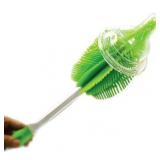 Norpro Silicone Bottle Brush, One-Size, Green
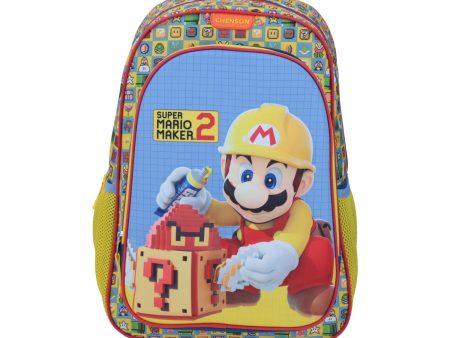 Mochila grande Amarillo MARIO BROS For Discount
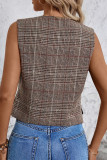 Thousand Bird Grid Sleeveless Vest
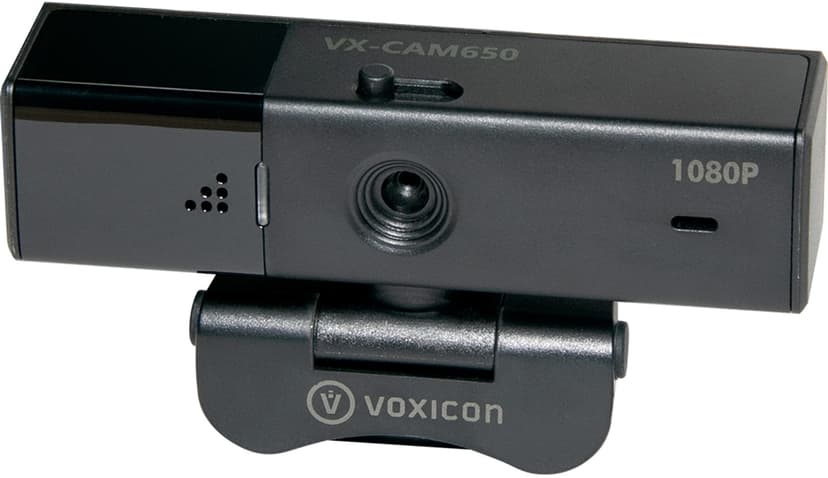 Voxicon CAM650 - Webcam med 1080p/60fps & USB Plug and Play
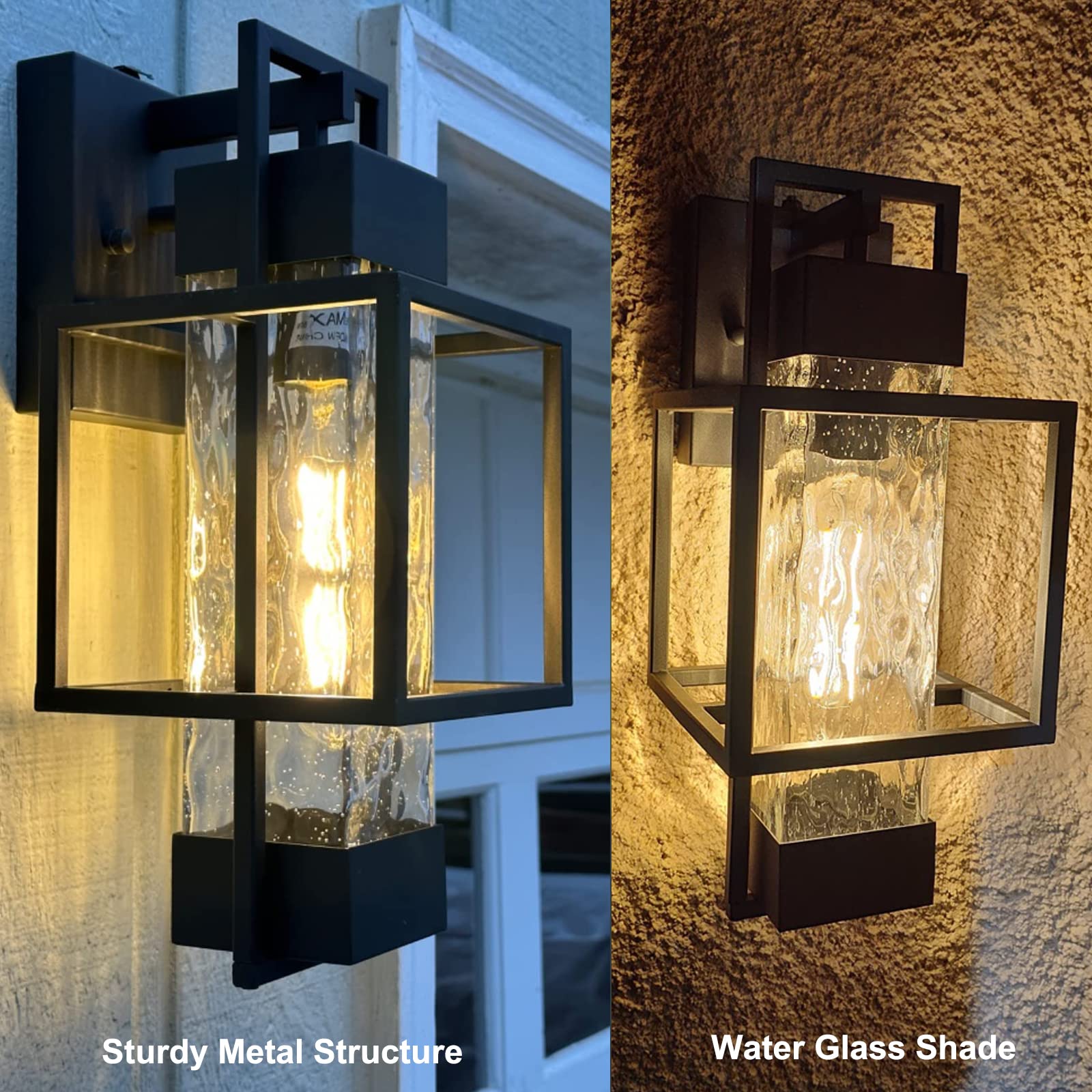 Modern Outdoor Wall Sconce Lights 2 Pack - 15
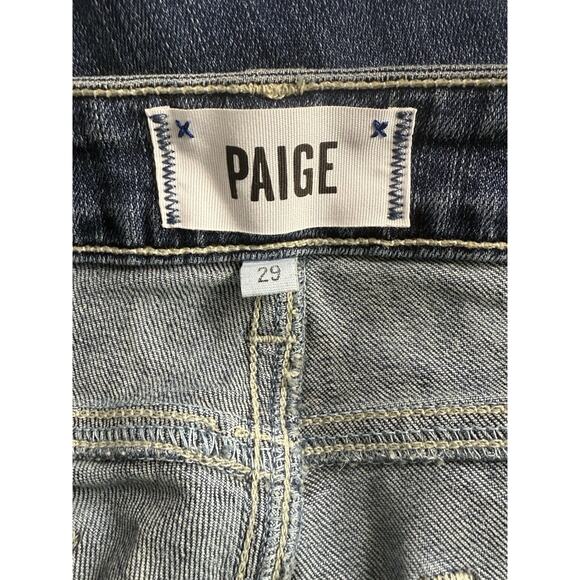 Paige Jimmy Jimmy Crop Distressed Denim Capri Pants Size 29 - Picture 3 of 4
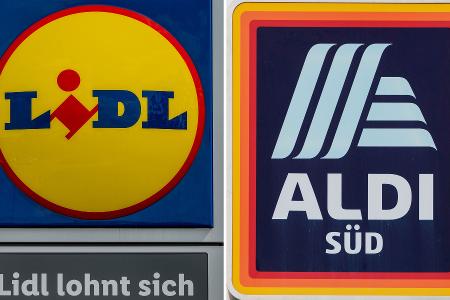 Lidl und Aldi haben sich in den vergangenen tagen einen Preiskampf geliefert. (Symbolbild)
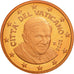 VATICAN CITY, 5 Euro Cent, 2008, MS(63), Copper Plated Steel, KM:377
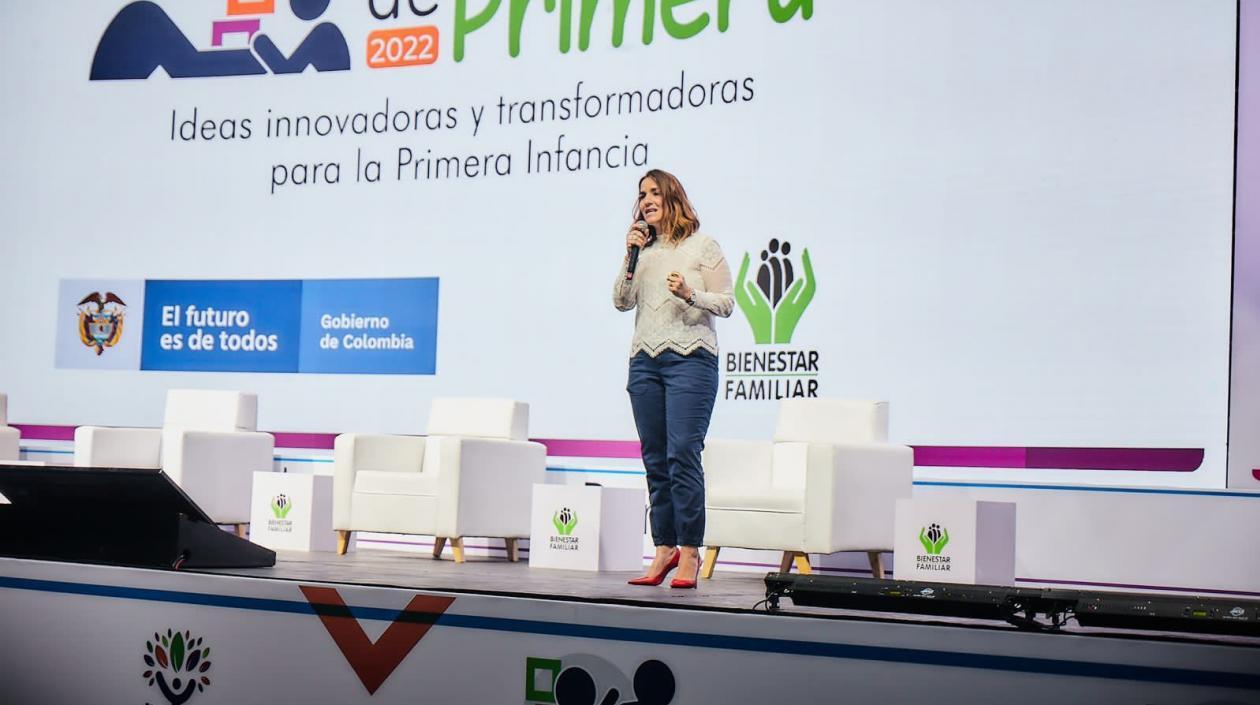 La directora del ICBF, Lina Arbeláez.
——
__WORK TO COMPLETE__.
Repeat each entry exactly as it appears; skip any picture.

__WRITTEN SOLUTION__.
 Norpro Silicone Bottle Brush, One-Size, Green
 Mochila grande Amarillo MARIO BROS For Discount
 Thousand Bird Grid Sleeveless Vest
 Voxicon CAM650 - Webcam med 1080p/60fps & USB Plug and Play
 Modern Outdoor Wall Sconce Lights 2 Pack - 15
 Paige Jimmy Jimmy Crop Distressed Denim Capri Pants Size 29 - Picture 3 of 4
 Lidl und Aldi haben sich in den vergangenen tagen einen Preiskampf geliefert. (Symbolbild)
 VATICAN CITY, 5 Euro Cent, 2008, MS(63), Copper Plated Steel, KM:377
 La directora del ICBF, Lina Arbeláez.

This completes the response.